What do Personas mean for dApp developers?

The short answer is that you can think of a Persona as simply a unique user ID. That ID takes the form of the Identity component address associated with the Persona, which you’ll get from the user’s Radix Wallet at the start of a session with your app frontend.

RDT (Radix dApp Toolkit) integrates into your frontend and will handle all of the common mechanics of asking users to login with their Persona, making Account or data sharing requests to their wallet, and even session management – all packaged with a handy little √ Connect button and menu that gives users a consistent and friendly user experience with your dApp. Read more about how RDT works here before diving into the tech docs.

If you have no need for a unique user ID in your system, that’s fine, you can just ignore it. It is, however, still useful to your users to login with their Persona at the start of a session because it will let their wallet save their sharing preferences for your dApp, making for a better user experience.

If you have a “full stack” dApp with a traditional backend, then you’ll almost certainly need a unique user ID for each user’s entry in your database.
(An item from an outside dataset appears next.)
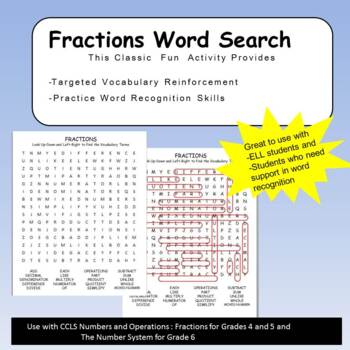 Preview of FRACTIONS WORD SEARCH PUZZLE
Traditionally you’d generate an ID yourself and associate the user’s email address and password with it. With Personas, just use the Identity address as the user ID; it won’t ever change for that user, even if they have to “recover” access to it due to losing a phone. (You never have to think about any of the multi-factor recovery features; it’s all handled by the Radix Wallet and Network.)

Also for full-stack dApps, you’ll want to verify the login, and that’s where ROLA (Radix off-ledger authentication) comes in. ROLA is just a bit of code you run in your backend for Radix-style verification. Rather than saving and checking a user-provided password, you’ll use ROLA to do a quick verification check in your backend system and can then consider the user logged in. In short, if you ask a user’s Radix Wallet for a login with proof, the wallet will automatically generate a cryptographic challenge response; ROLA then does a quick check of that response against the user’s on-ledger Identity and you’ll have a go/no-go answer on whether the user does indeed control that Identity.

In fact, you can also use ROLA to verify proof of Account ownership. When your frontend asks a Radix Wallet for an Account (or a list of them), as with Personas, it can specify that it wants proof. And once again, the wallet will provide a challenge response that ROLA can check on-ledger and give you a go/no-go.

What if you need to identify the user on-Ledger, perhaps so you know where to send them tokens? You’ll want to use badges for that, rather than Personas. Personas are purely an off-ledger concept (other than the Identity component used only for the unique ID and recovery) – on purpose. To truly give users control of their sharing, there shouldn’t be on-ledger links between who they are and what they own that anybody can examine. Using badges specifically for your application lets users authorize to your on-ledger components without breaking that anonymity, and they still provide a nice user experience in the Radix Wallet.

Conclusion

Before it can go mainstream, Web3 needs a truly Web3-native way of logging in to dApps that solves the problems of Web2 logins and adds the ability to share your digital assets and data however you want. Radix has ensured that the full-stack design of the Radix network itself includes the tech needed to finally make that possible – the Persona system, including Identity components, ROLA proof, and on-ledger multi-factor. That means the Radix Wallet can rely deeply on Personas to let you easily log in anywhere in a way that is tightly integrated with an great overall DeFi user experience.